The day after the attack, I went to the American Embassy. Though I'd never intentionally sought out other Americans on previous trips to London, I felt the overwhelming need to be with my own. And there, amidst the flowers and the candles and the flag at half-staff, I cried again on the shoulder of a man from Ohio whose face and name I cannot remember. The embassy, of course, was on high security and an enormous tent on the grounds across the street prepared to house the book of condolences, signed first by Prince Charles that evening, and the following day by anyone who wanted to come wait in the cold, pouring rain, and hundreds did.
A British policeman stationed near the tent asked me how I was when he heard my American accent. "Whatever happened to wars over territory and money and women from Troy?" I said. We both tried to laugh a little, but it was true. Whatever happened to wars we understood?

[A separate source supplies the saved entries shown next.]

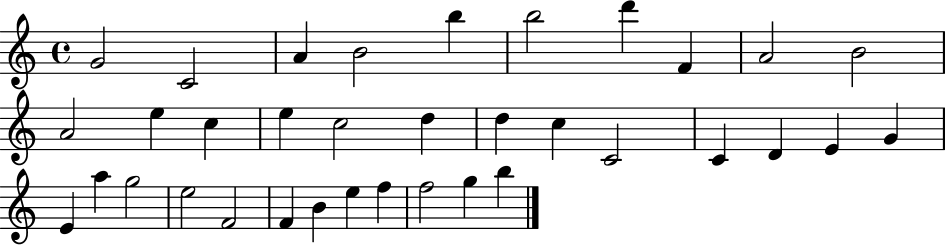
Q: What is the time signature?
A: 4/4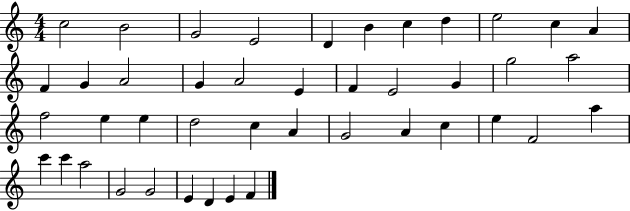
{
  \clef treble
  \numericTimeSignature
  \time 4/4
  \key c \major
  c''2 b'2 | g'2 e'2 | d'4 b'4 c''4 d''4 | e''2 c''4 a'4 | \break f'4 g'4 a'2 | g'4 a'2 e'4 | f'4 e'2 g'4 | g''2 a''2 | \break f''2 e''4 e''4 | d''2 c''4 a'4 | g'2 a'4 c''4 | e''4 f'2 a''4 | \break c'''4 c'''4 a''2 | g'2 g'2 | e'4 d'4 e'4 f'4 | \bar "|."
}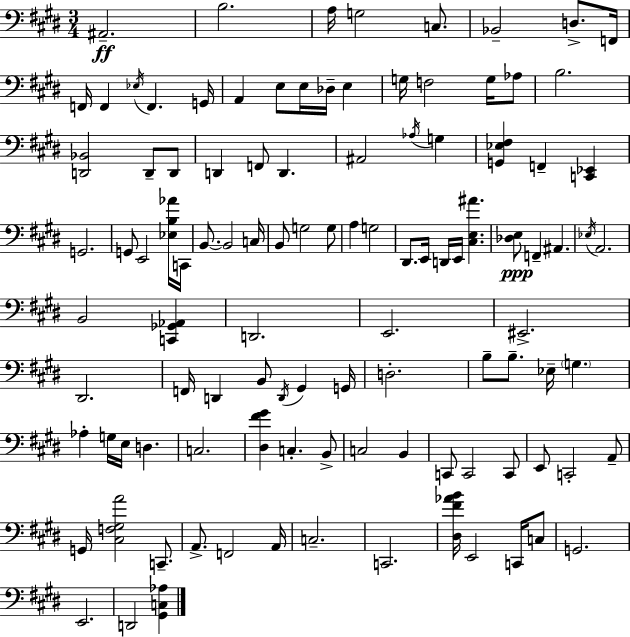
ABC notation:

X:1
T:Untitled
M:3/4
L:1/4
K:E
^A,,2 B,2 A,/4 G,2 C,/2 _B,,2 D,/2 F,,/4 F,,/4 F,, _E,/4 F,, G,,/4 A,, E,/2 E,/4 _D,/4 E, G,/4 F,2 G,/4 _A,/2 B,2 [D,,_B,,]2 D,,/2 D,,/2 D,, F,,/2 D,, ^A,,2 _A,/4 G, [G,,_E,^F,] F,, [C,,_E,,] G,,2 G,,/2 E,,2 [_E,B,_A]/4 C,,/4 B,,/2 B,,2 C,/4 B,,/2 G,2 G,/2 A, G,2 ^D,,/2 E,,/4 D,,/4 E,,/4 [^C,E,^A] [_D,E,]/2 F,, ^A,, _E,/4 A,,2 B,,2 [C,,_G,,_A,,] D,,2 E,,2 ^E,,2 ^D,,2 F,,/4 D,, B,,/2 D,,/4 ^G,, G,,/4 D,2 B,/2 B,/2 _E,/4 G, _A, G,/4 E,/4 D, C,2 [^D,^F^G] C, B,,/2 C,2 B,, C,,/2 C,,2 C,,/2 E,,/2 C,,2 A,,/2 G,,/4 [^C,F,^G,A]2 C,,/2 A,,/2 F,,2 A,,/4 C,2 C,,2 [^D,^F_AB]/4 E,,2 C,,/4 C,/2 G,,2 E,,2 D,,2 [^G,,C,_A,]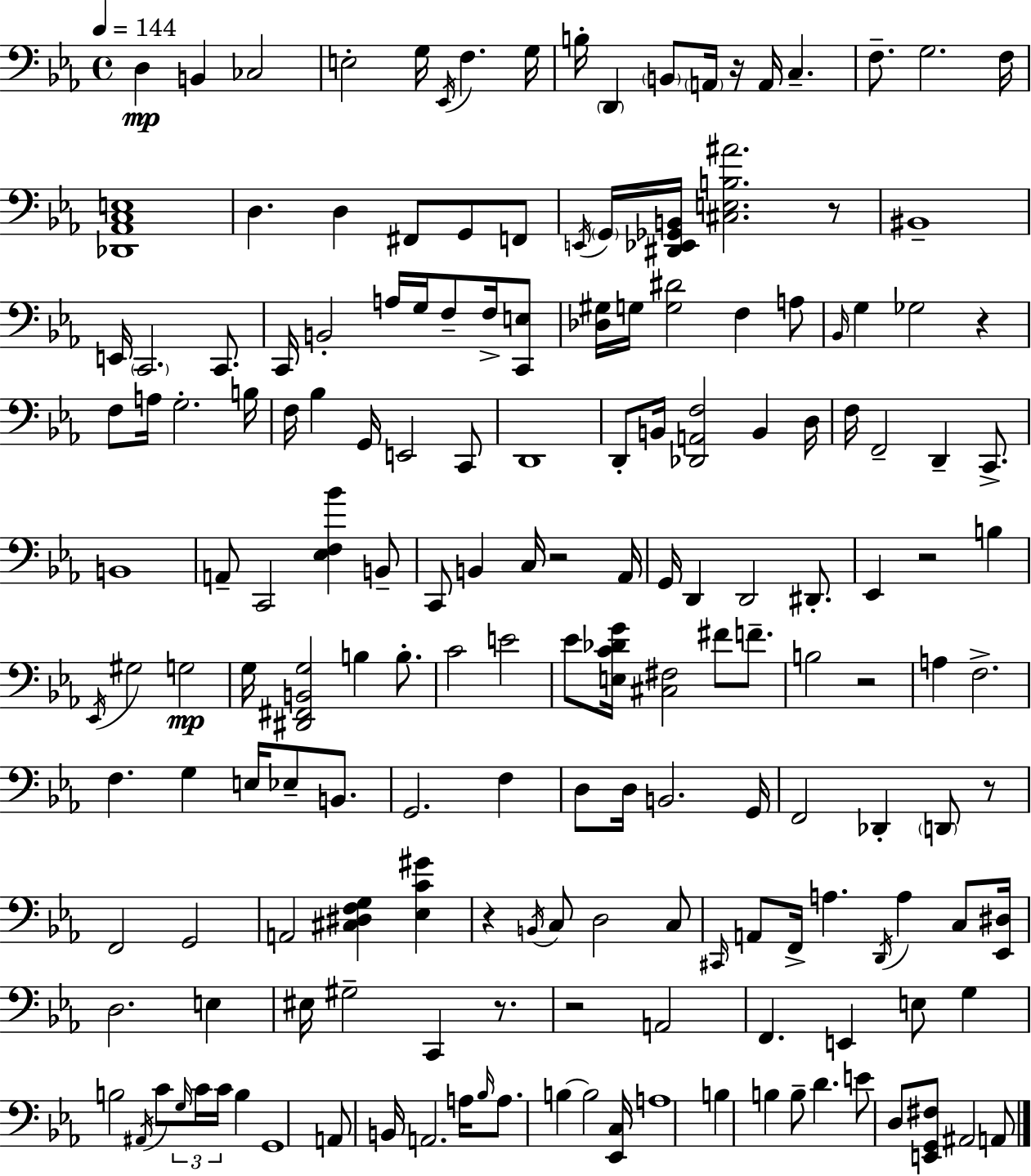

I have seen places where devastation occurred before, at the killing fields in Cambodia, at the My Lai massacre site in Vietnam. One New York friend compared Lower Manhattan to the killing fields; the mass graves, the ominous silence, the evil. I remember at Tuol Sleng, the Cambodian genocide museum, how the floors were still stained and the walls were mildewed and the cells displayed the armaments of torture. I remember how the spirit of the place clung to my skin, how it made me want to vomit. The portentous silence of the place filled me up, like the kind of silence people say is all over the U.S. now.
It was in London, too, when the planes were curbed and no one seemed to breathe for days. This was the silence of the killing fields, the silence beyond the window in my dream, where my little brother stood waiting for me to move.
Rachel Louise Snyder is a writer based in Chicago.